Un viernes acudí a la oficina del maestro y editor Huberto Batis para entregar una crónica que había escrito, era una tarde fría de invierno, y con el pretexto de calentar el organismo, había bebido algunos tequilas en un Sanborns del primer cuadro de la Ciudad de México, que me causaron la sensación de tranquilidad, tranquilidad que me ayudó a estar ecuánime en esa oficina ordenada al estilo Batis: un escritorio con pilares desordenados de periódicos, que parecían estar a punto de caer, que me imagino era como un muro ante todos los que escribíamos en sábado, además se rodeaba de revistas y más periódicos y objetos que aparecían en el piso y que a la vez no permitían el paso a su sillón, donde pasaba horas leyendo los textos que se iban a publicar. Ese día, yo deseaba que también llegaran otros colaboradores para que Batis contara alguna anécdota del “mundillo cultural” –como decía él. Pero no fue así, cuando estaba por darle mi texto, entró un tipo que parecía drogado, sus brazos y manos eran muy delgados, vestía una chamarra negra que le llegaba hasta las rodillas, usaba lentes oscuros, emitía un seseo con cada palabra que pronunciaba lentamente, y sin dejar de sesear, colocó unas hojas sobre los pilares de periódicos de su escritorio.
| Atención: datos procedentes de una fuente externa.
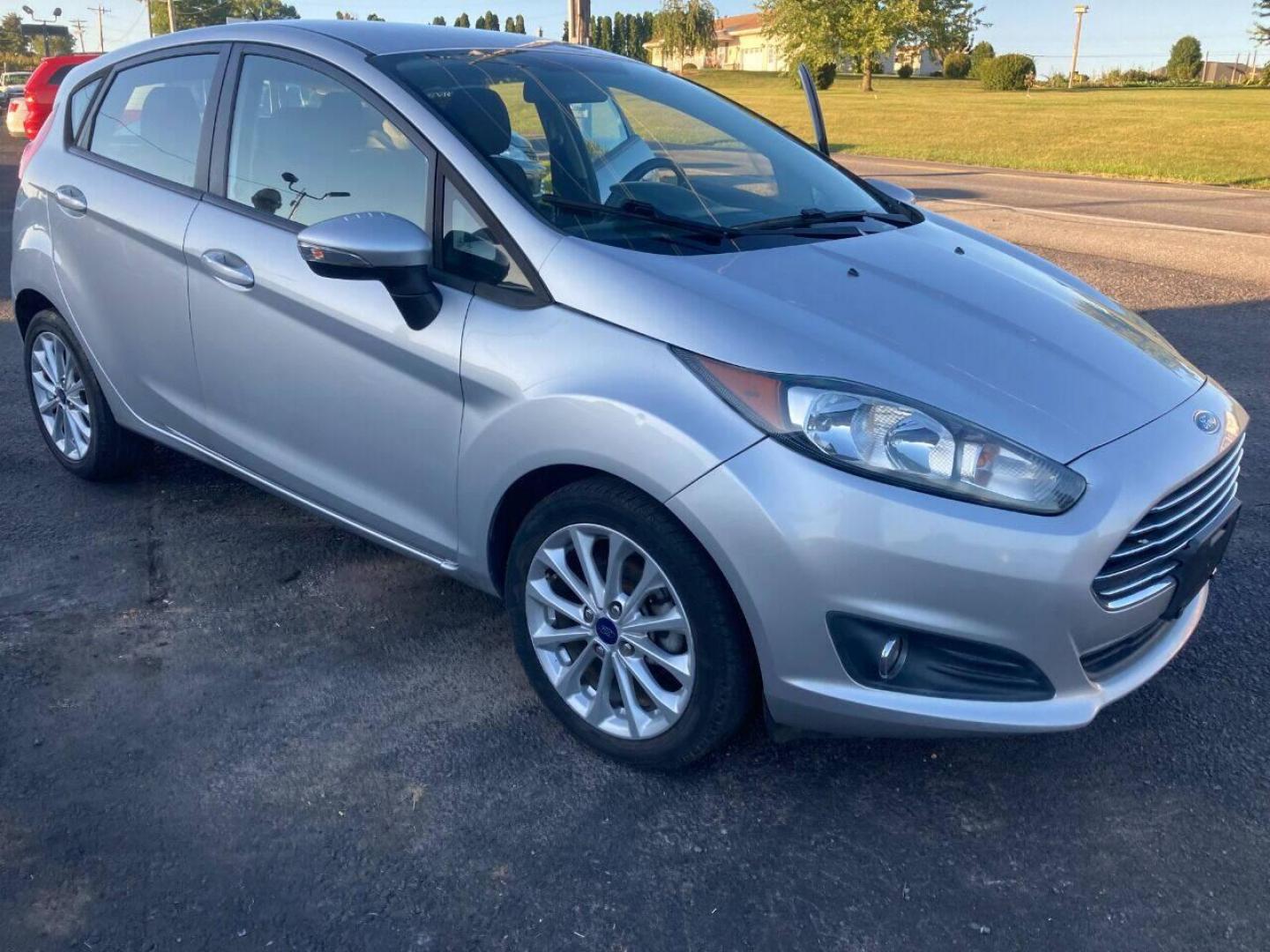 2014 Silver Ford Fiesta (3FADP4EJXEM) with an 1.6L I4 1.6L I4 engine, located at 4845 Woodbury Pike, Roaring Springs, PA, (814) 317-5008, (814) 317-5008, 40.250935, -78.366959 - 2014 Ford Fiesta SE, automatic, FWD, 79k, 4 cylinder, loaded, navigation, aluminum wheels, hatchback, fog lights, Siri, factory upgraded lighting interior and much more! Southern vehicle! New inspection! Runs 100%. If interested, please call 814-317-5008 or 814-497-4383. - Photo#0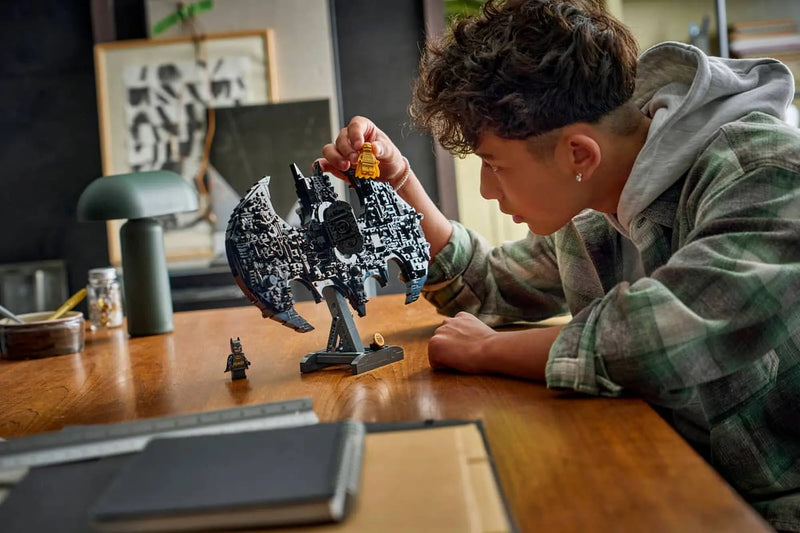 Niño construyendo LEGO Batman 76330 logotipo negro detallado minifigura dorada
Batis me miró de reojo, tomó las hojas, hizo como que las leyó, me di cuenta porque pude ver sus ojos fijos en un lápiz que sostenía en su mano; también vi al tipo, jugaba con una navaja que metía y dejaba salir de una de sus mangas de la chamarra. Sin soltar el lápiz, puso las hojas al lado izquierdo de su escritorio. “Eso es todo”, dijo, mirándolo desde su muro de periódicos, enseguida el tipo salió. Yo me imaginé que era un loco, si no salí corriendo en esos instantes fue gracias al tequila que había bebido unas horas antes, que siempre he considerado una bebida espirituosa, por la tranquilidad que me hace sentir, y también a la actitud serena de Batis. “Sabes quién es”, dijo Huberto, y dije que no. “Es el Diablo”, ya lo conocerás. Después supe que era un loco llamado Jorge de los Reyes que escribía en sábado. Así como esta anécdota hay muchas más, pero lo más placentero era escuchar al maestro Huberto Batis, sus pláticas siempre mordaces nos llevaban a reflexionar sobre la creación, la vida, la muerte, el sexo, o simplemente sobre la existencia. Ese viernes recibió mi texto y desapareció en su escritorio amurallado, no sin antes decir: “Eso es todo”.

Todos los que conocimos a ese enorme ser humano, lo vamos a extrañar. Que descanse en paz Huberto Batis.